Windows 8: It’s a floor wax. No, it’s a dessert topping. Microsoft’s new whatever-the-F-it-is operating system is a confusing, Frankenstein’s monster mix of old and new that hides a great desktop upgrade under a crazy Metro front-end. It’s touch-first, as Microsoft says, but really it’s touch whether you want it or not (or have it or not), and the firm’s inability to give its own customers the choice to pick which UI they want is what really makes Windows 8 confounding to users. I actually like Windows 8 quite a bit and can’t imagine switching back. But I do understand the complaints of customers who aren’t getting what they wanted or asked for.”

Windows 8 and Windows RT have been in the market now for about three weeks, and every stakeholder in Microsoft has one question: has the launch of Windows 8 been a success or not?

Microsoft (NASDAQ: MSFT) has been keeping mum on this matter. Neither the OEMs nor the retailers are speaking up. The only statement from Microsoft has been that four million copies of windows 8 had been sold in the opening weekend. However, the truth is that four million copies of Windows 8 have been sold to retailers; this does not necessarily mean four million installs.

There is a reason why the sales of Windows 8 are not picking up as expected.
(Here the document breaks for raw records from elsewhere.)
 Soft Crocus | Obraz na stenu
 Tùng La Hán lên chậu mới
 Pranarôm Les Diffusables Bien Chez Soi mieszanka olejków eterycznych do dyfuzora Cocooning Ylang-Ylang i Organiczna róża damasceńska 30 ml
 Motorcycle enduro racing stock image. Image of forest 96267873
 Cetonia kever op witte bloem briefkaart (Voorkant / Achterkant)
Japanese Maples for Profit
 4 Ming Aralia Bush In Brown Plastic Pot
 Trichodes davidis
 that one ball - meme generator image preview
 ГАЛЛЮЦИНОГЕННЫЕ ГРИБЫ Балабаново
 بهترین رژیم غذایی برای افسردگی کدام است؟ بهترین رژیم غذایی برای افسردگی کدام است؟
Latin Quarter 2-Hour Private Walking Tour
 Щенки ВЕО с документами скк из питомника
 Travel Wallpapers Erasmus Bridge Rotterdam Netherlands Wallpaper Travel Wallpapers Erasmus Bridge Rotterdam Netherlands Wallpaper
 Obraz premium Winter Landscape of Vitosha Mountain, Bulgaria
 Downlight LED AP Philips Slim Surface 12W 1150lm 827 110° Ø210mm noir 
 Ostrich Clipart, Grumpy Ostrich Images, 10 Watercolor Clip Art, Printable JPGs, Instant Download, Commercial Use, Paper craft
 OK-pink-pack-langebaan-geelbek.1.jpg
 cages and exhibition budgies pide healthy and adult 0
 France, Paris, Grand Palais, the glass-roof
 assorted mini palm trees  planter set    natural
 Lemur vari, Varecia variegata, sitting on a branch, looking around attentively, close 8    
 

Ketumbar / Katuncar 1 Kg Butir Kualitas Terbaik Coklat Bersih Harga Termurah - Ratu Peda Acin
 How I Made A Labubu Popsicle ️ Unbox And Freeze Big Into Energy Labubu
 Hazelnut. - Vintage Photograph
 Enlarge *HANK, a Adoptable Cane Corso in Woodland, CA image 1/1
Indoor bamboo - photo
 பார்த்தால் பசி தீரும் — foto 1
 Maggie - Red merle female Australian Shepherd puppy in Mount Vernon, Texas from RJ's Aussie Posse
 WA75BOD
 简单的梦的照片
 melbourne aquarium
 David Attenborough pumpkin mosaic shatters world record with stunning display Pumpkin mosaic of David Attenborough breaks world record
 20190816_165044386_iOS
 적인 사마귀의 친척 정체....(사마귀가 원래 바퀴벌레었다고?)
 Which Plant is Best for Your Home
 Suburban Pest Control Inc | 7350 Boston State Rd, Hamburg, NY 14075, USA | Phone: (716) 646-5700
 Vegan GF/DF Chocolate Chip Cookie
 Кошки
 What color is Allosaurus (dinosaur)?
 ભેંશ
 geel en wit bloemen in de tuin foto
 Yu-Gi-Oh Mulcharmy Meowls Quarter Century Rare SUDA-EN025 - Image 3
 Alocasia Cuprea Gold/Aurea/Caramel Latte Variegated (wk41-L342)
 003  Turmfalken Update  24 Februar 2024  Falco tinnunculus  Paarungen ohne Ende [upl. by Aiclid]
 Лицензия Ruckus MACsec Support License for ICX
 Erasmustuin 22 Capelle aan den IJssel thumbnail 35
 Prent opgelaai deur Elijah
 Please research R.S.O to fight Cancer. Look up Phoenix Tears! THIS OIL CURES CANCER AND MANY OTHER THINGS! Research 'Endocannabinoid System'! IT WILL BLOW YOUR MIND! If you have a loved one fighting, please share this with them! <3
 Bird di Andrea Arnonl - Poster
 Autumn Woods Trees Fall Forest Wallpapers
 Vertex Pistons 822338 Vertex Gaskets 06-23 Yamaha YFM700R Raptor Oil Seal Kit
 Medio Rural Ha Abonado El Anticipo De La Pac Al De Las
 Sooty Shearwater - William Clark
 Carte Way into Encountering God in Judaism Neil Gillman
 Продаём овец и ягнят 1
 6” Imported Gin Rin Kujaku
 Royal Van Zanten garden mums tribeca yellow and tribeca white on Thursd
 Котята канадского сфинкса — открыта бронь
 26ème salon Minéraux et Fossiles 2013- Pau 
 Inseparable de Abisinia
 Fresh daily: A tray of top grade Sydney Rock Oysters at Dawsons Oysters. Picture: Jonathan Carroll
The GUI of Windows 8 has been a drastic shift from that of its predecessors. Very few users are brave enough to be early adopters. In fact, for most of the users there is no particular reason to buy the new Windows, since there are very few applications available in the market for Windows 8 yet.

Many of the users are still not comfortable shifting from Windows 7 to Windows 8. Alex Wukovich, a Londoner who tried Windows 8 on a friend's laptop, agrees. "On a desktop, it just felt really weird," he said. "It feels like it's a tablet operating system that Microsoft managed to twist and shoehorn onto a desktop."

Tony Roos, an American missionary in Paris, installed a free preview version of Windows 8 on his aging laptop to see if Microsoft's new operating system would make the PC faster and more responsive. It didn't, he said, and he quickly learned that working with the new software requires tossing out a lot of what he knows about Windows.

"It was very difficult to get used to," he said. "I have an 8-year-old and a 10-year-old, and they never got used to it. They were like, 'We're just going to use Mum's computer.'”

If there is one thing that is greatly missed, it is the START button. Windows users are habituated to click the START button to access everything from storage to programs, from accessories to system utilities. But the START button is not the only change. It’s the complete look and feel that’s confusing.

Keith McCarthy, a copywriter in New York, has been using Windows for a long time now and is used to a certain way of doing things on his computer. However, it took him several minutes just to figure out how to compose an e-mail message in Windows 8, which has a stripped-down look and on-screen buttons that at times resemble the runic assembly instructions for Ikea furniture. 

“It made me feel like the biggest amateur computer user ever,” said Mr. McCarthy

But then there are also users who got used to the new Windows interface quickly and who loved working on it.

Sheldon Skaggs, a web developer in Charlotte, North Carolina, thought he was going to hate Windows 8, but he needed to do something to speed up his 5-year-old laptop. So he installed the new software. 

"After a bit of a learning curve and playing around with it a bit more, you get used to it, surprisingly," he said.

The market had high hopes for Windows 8. Many users were keen on getting their hands on the new OS from Microsoft, and many investors bought the shares of Microsoft with the hopes that the prices would keep rising. But with the sales figures not meeting expectations, Microsoft's share price has been falling, and may continue to drop.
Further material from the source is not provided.